***** INPUT DATA

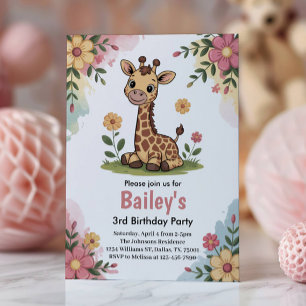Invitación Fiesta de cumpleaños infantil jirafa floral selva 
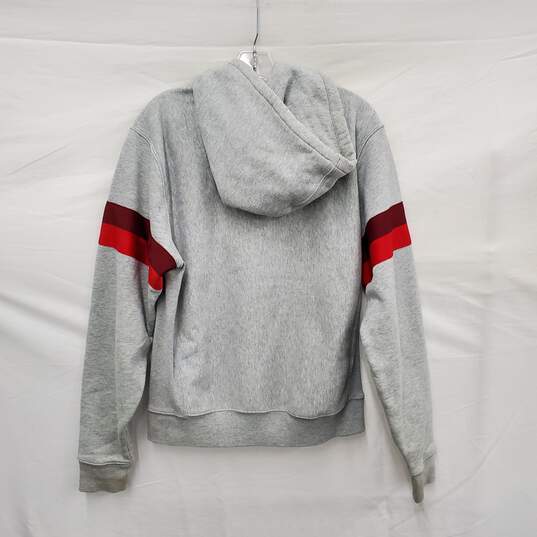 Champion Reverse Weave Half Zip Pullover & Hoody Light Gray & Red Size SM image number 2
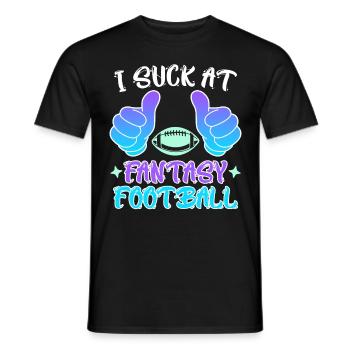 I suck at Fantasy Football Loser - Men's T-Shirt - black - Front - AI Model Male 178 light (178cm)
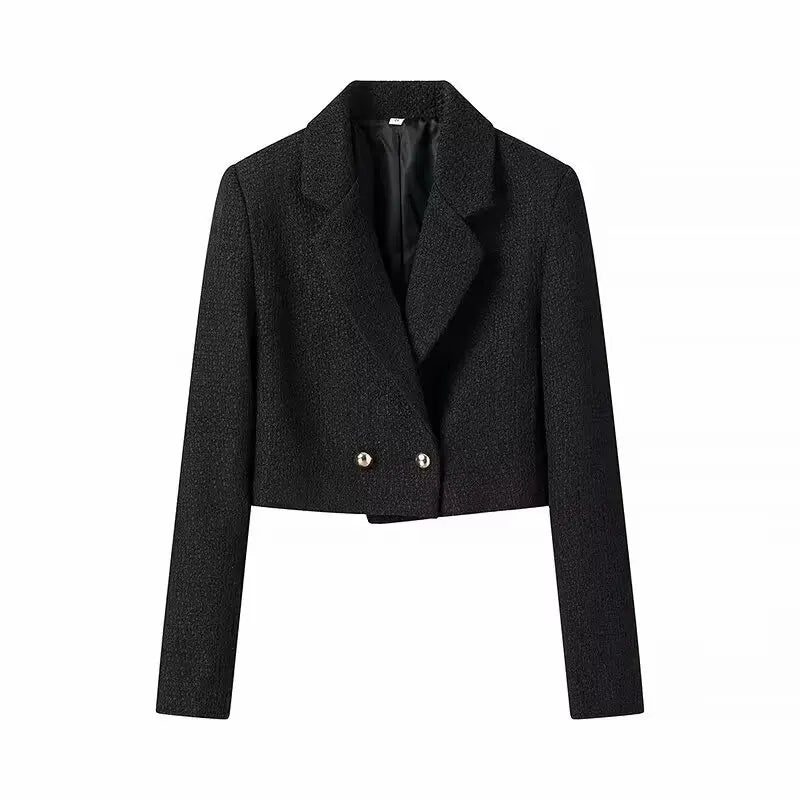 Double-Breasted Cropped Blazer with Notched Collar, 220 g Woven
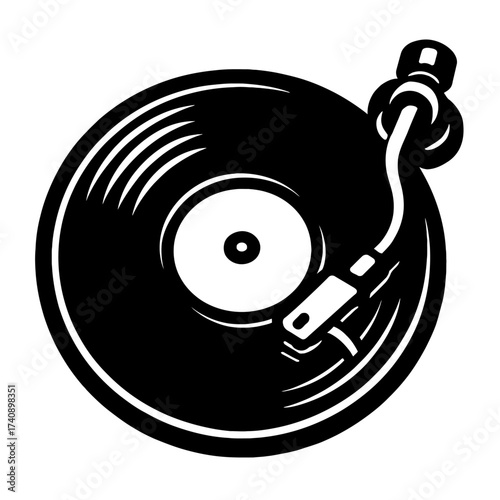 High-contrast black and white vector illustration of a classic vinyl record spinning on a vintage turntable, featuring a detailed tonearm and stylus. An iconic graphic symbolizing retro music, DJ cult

**********
***** INPUT DATA

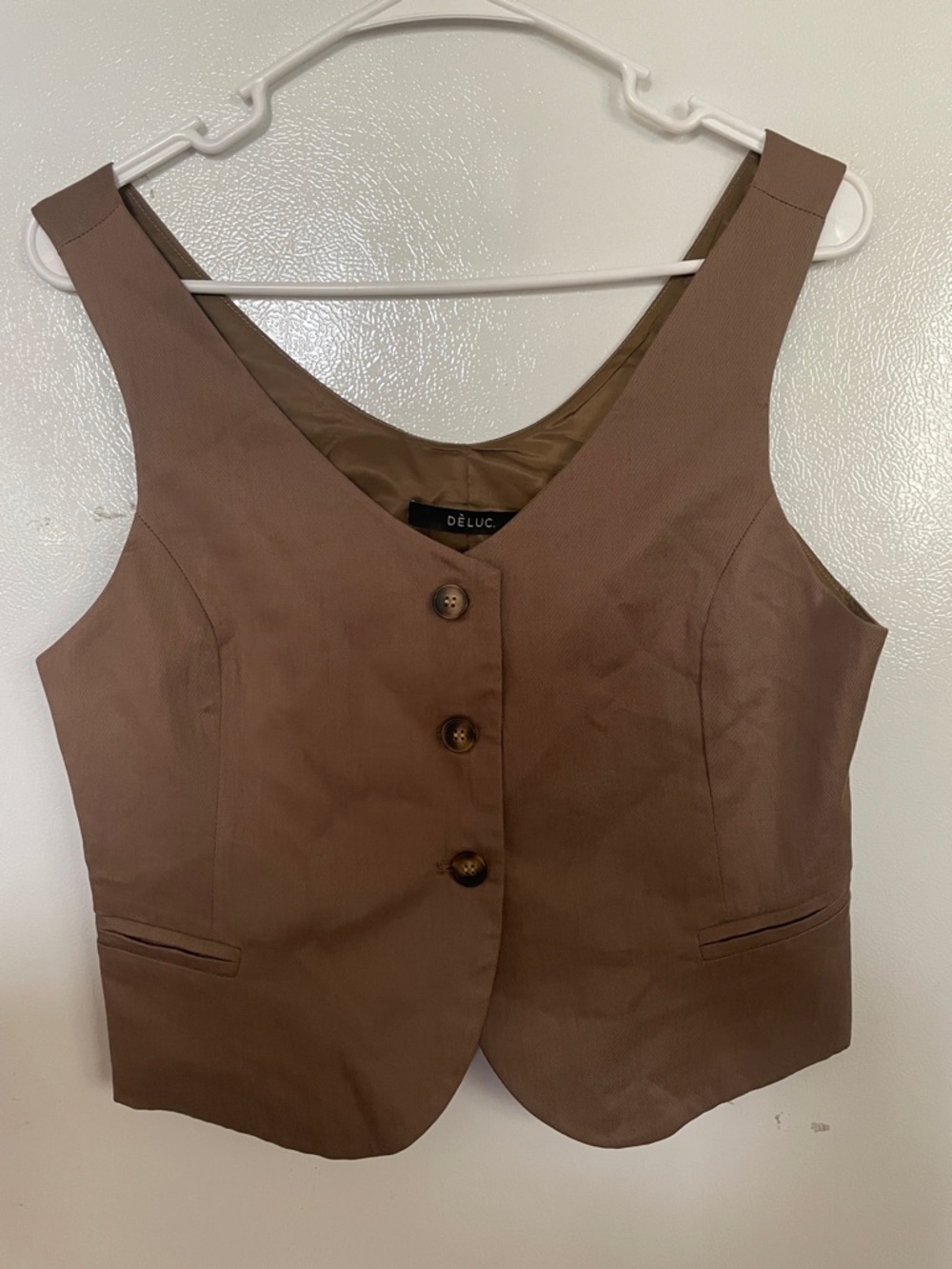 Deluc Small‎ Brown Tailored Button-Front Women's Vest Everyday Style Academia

**********

**PROBLEM DETAILS**
What you write out is the stretch of entries from the line containing "I suck at Fantasy" to the line containing "High-contrast black and", word for word, with both end lines and no pictures.

**RESPONSE**
 I suck at Fantasy Football Loser - Men's T-Shirt - black - Front - AI Model Male 178 light (178cm)
 Double-Breasted Cropped Blazer with Notched Collar, 220 g Woven
 High-contrast black and white vector illustration of a classic vinyl record spinning on a vintage turntable, featuring a detailed tonearm and stylus. An iconic graphic symbolizing retro music, DJ cult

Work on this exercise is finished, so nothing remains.